My heart raced as I waited for the moment when he handed over a few disheveled notes and I would have a rare instant of human contact as our hands met.
That moment never came so, with a hollow heart, I set off to find a pocket to pick on my way to the bottle shop. I would’ve done anything for that street urchin.
The August sun hung low by the time I returned with a five-litre box of Sunnyvale. Mist was clawing at the dock. In the distance, a lone seagull cried. The drifter was nowhere to be seen.
The past seems realer than the present to me now
Sitting cross-legged on the weathered dock with only the treasured box of wine for company, I waited for my friend to return.
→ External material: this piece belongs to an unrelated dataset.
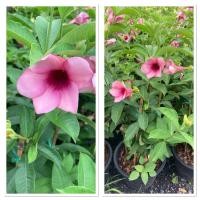 ราคา ต้นยี่โถดอกสีม่วง ไม้ประดับ ปลูกง่าย ออกดอกตลอดปี (43759707323)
The languid sun sunk solemnly beneath the waves, and a pale crescent moon took its place.
The night scraped its icy fingers across my bare legs, but I didn’t leave my post. My friend, I knew, would return. If not for the wine, then for our zesty conversation and abundance of mutual respect.
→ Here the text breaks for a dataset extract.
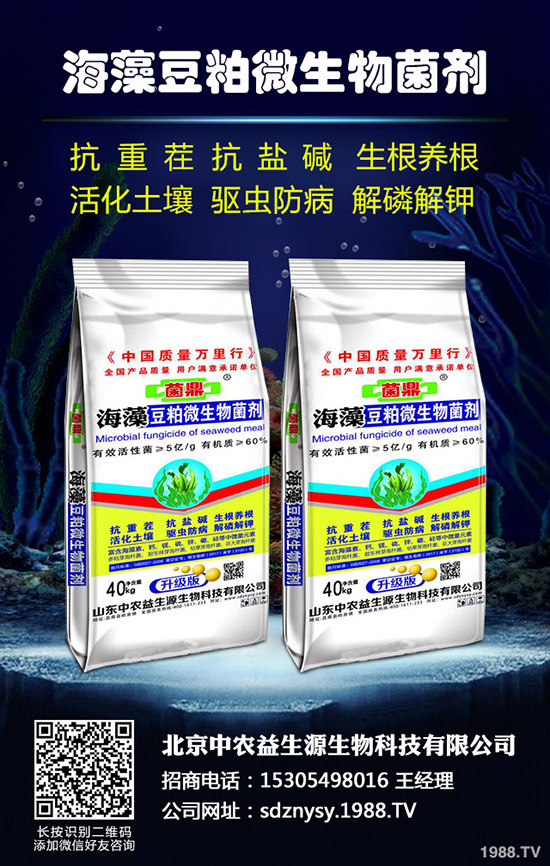 2020年水稻種植怎么樣？賺錢嗎？包多少畝合適？一畝種植成本多少？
But he never did. Over the following months I would regularly wait for him by the water, dreaming of the moment when we would be reunited. My visions were so vivid that I could smell the prawns on his calloused fingers, and feel his whiskers upon my chin.
In time I was sent to another part of the state to run out my days in another care facility. As they drove me away I stared out the window through a sheet of tears, seeing only the abandoned dock.
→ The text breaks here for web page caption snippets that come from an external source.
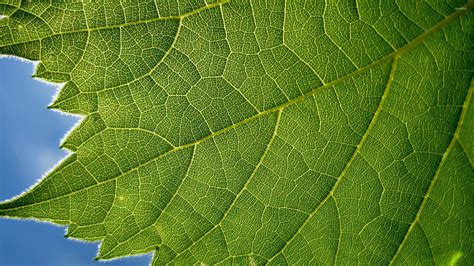 Green Leaf Close Up Wallpaper Photography Wallpapers 53760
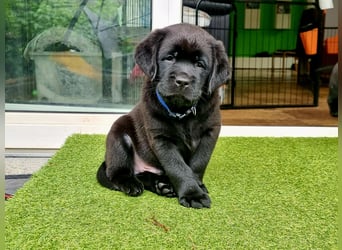 Edle Labrador Welpen mit Ahnentafel, Nachkommen von Champions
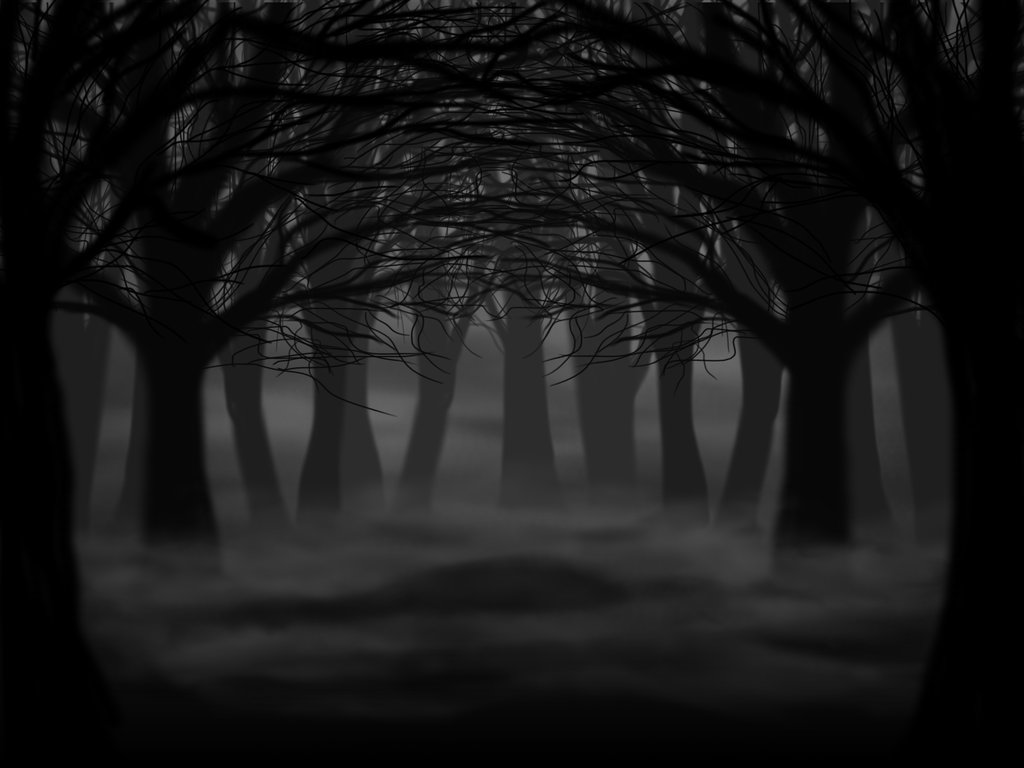 Forest Roblox Background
Someday soon, my sins will all be forgiven
To this day, I can’t walk past a bait shop without breaking down as memories of my friend wash over me. Well, except for when I went to Iluka Bait & Tackle, because there’s a massive marlin out the front and it’s absolutely fantastic!
The festive fish is, apparently, based on an actual marlin caught by one of the locals two or three decades ago. He’s since become a beloved icon of the beachside village of Iluka. When I arrived the bait shop was empty, with nary a tackle box or garish lime-and-orange fishing shirt to be found.
Feelings of abandonment wrapped their frozen tendrils around my throat but, thankfully, the owner Ross Deakin wandered over to assure me that the shop had simply relocated down the street.
“But what will happen to the Big Marlin?” I asked, my top lip trembling
“Bigs, I’ll take it home and put it up in the living room before it goes in the bin. I might get in trouble with the missus, but it’d be worth it!”
“Keep your family close, Ross,” I implored the owner, as he backed away cautiously. “You never know when you’ll lose them. One minute you’ll be violently robbing a pensioner to pay for a few litres of barely-drinkable plonk, the next…”
“Bigs, I really need to get going.”
“Ross, wait,” squealed, allowing a single tear to roll down my cheek. “You haven’t, by chance, seen a world-weary traveller, have you? An unshaven mess of a man, wrapped head to toe in rags of the poorest quality, bathed in the odour of prawns, vulgar white wine and desperation.”
“Bigs, take another look at the Big Marlin. You might find what you’re looking for.”
We contemplate eternity beneath the vast indifference of heaven
As my new friend Ross sauntered off to deal with other business, I cast my gaze one more upon the gilled wonder. His elongated beak and resplendent fins demanded attention, but there was something more.
Within the sheen of his bulbous belly I saw the haunted eyes and unkempt appearance of the man I had been seeking for so many years. I had, without realising it, become the hobo. My seemingly endless search was over.
After bidding adieu to the marvellous Big Marlin, I dragged my bones away to sit once more by Australia’s rugged east coast, look out upon the brine, and ponder the meaning of it all beneath a weary canopy of eternal stars.